For both dogs and wolves, we identified positive correlations of tail wagging with maximum frequency and delta time, and an inverse correlation of this variable with average power and peak frequency (
Figure 4). In other words, the duration of tail wagging was associated with higher-pitched, longer, and softer speeches (with greater intensity at lower frequencies).
Correct responses, for dogs, were positively related to the measurementes of minimum frequency (higher pitched voices). In this case, this means that in sessions in which the speeches had higher pitch, more correct responses were obtained from the dogs. For wolves, correct responses were inversely associated with minimum frequency and delta time, and directly correlated with peak frequency and the number of speeches, i.e., more correct responses when the session had more speeches, shorter, and in a low pitched tone.
Jumping correlated with maximum frequency and delta time in both subspecies: for dogs jumps were positively associated with higher pitched and longer vocalizations, and, for wolves, this associacion was negative. For wolves, we also identified a direct association between the number of jumps and average power. This means there was more jumping in sessions with more low pitched, intense, and short speeches. Retraction was directly related to the number of speeches (more speeches) in sessions with dogs, and with the mean average power in sessions with wolves (more retraction in the sessions with a greater use of high pitch).

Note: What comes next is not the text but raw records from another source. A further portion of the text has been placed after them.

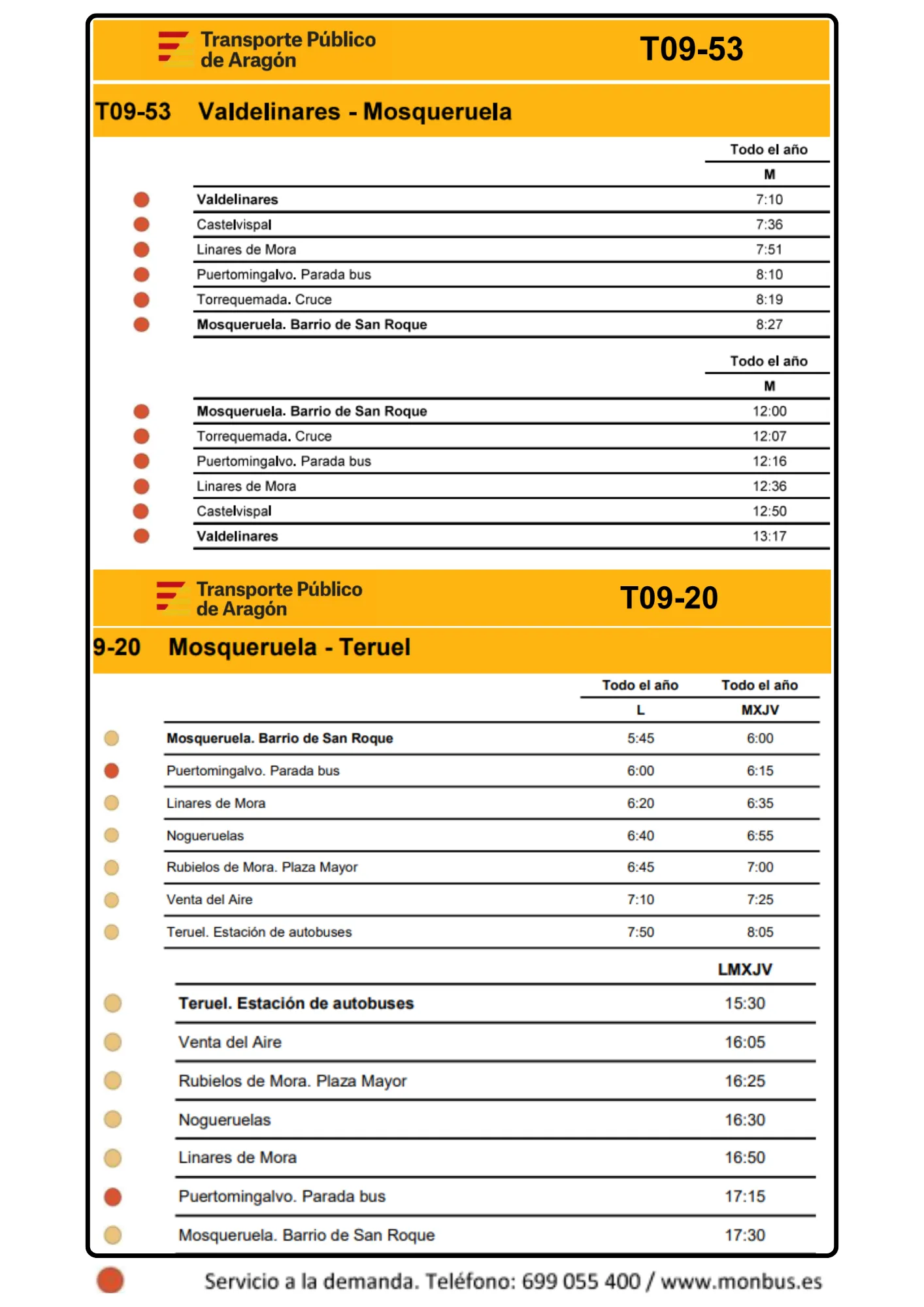 Cartel oficial horarios Puertomingalvo 2026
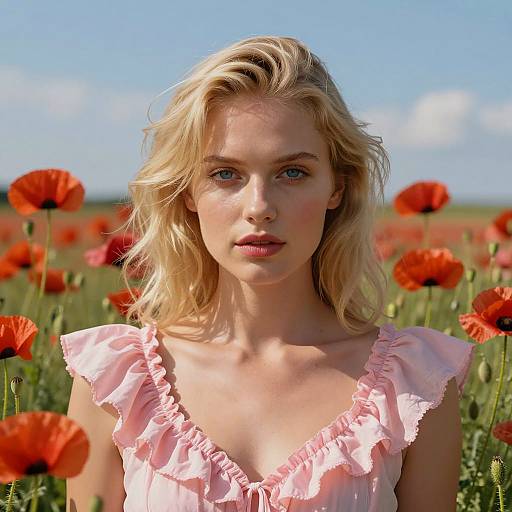 Blonde Woman in Pink Dress Among Red Poppies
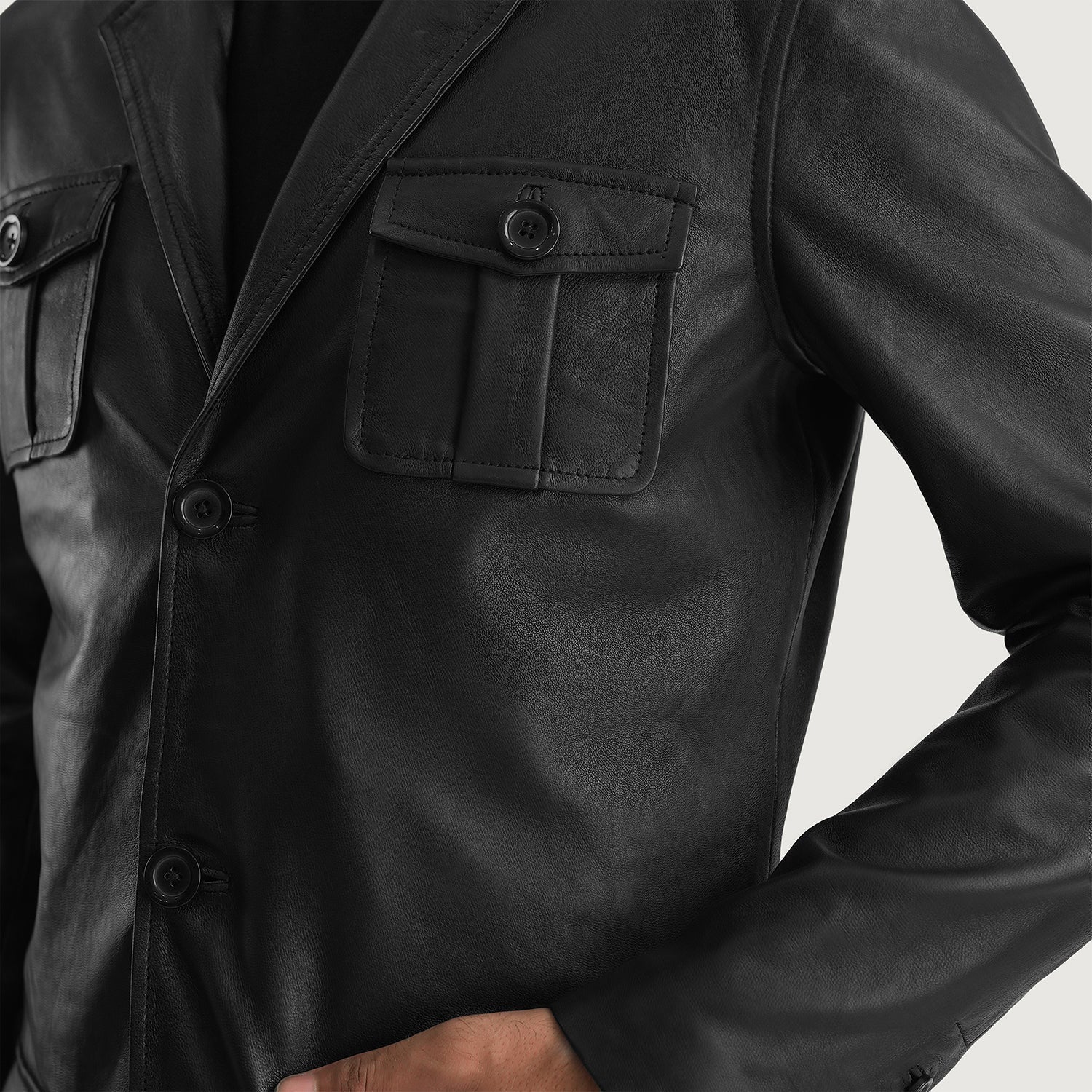Ray Cutler Black Leather Blazer - Rare Leather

In sessions with wolves, we observed that (a) the visual orientation to trainer was negatively related to minimum frequency, average power and delta time, and directly correlated to peak frequency (greater use of low-pitched, short speeches); (b) the time spent within one meter from the trainer was positively associated to peak frequency, and negatively related to minimum frequency, maximum frequency, and delta time (low-pitched, and short speeches); and (c) tail retracted was directly correlated with maximum frequency (high-pitched speeches).
3.4. Cortisol
As described for Vasconcellos and colleagues [
18], the cortisol concentrations in the saliva samples taken after the training sessions were lower compared to the samples taken before the sessions in both wolves and dogs (t = −2.864,
p = 0.004). The mean values for these concentrations were 1023.03 ± 75.99 ng/mL (wolves before training); 820.13 ± 64.03 ng/mL (wolves after training); 2280.87 ± 153.2 ng/mL (dogs before training); and 1851.99 ± 162.9 ng/mL (dogs after training). However, none of the explanatory variables investigated here had a measurable effect on salivary cortisol.